Saved data entries
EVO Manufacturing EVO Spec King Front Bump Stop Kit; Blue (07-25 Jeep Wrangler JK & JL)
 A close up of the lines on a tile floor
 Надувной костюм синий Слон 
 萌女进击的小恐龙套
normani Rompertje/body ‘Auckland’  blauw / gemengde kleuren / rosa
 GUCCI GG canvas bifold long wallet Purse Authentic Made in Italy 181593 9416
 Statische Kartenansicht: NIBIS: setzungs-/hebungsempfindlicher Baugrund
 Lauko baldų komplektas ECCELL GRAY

=== Activity ===
Write the whole of the data out again exactly as it stands.

=== Reply ===
EVO Manufacturing EVO Spec King Front Bump Stop Kit; Blue (07-25 Jeep Wrangler JK & JL)
 A close up of the lines on a tile floor
 Надувной костюм синий Слон 
 萌女进击的小恐龙套
normani Rompertje/body ‘Auckland’  blauw / gemengde kleuren / rosa
 GUCCI GG canvas bifold long wallet Purse Authentic Made in Italy 181593 9416
 Statische Kartenansicht: NIBIS: setzungs-/hebungsempfindlicher Baugrund
 Lauko baldų komplektas ECCELL GRAY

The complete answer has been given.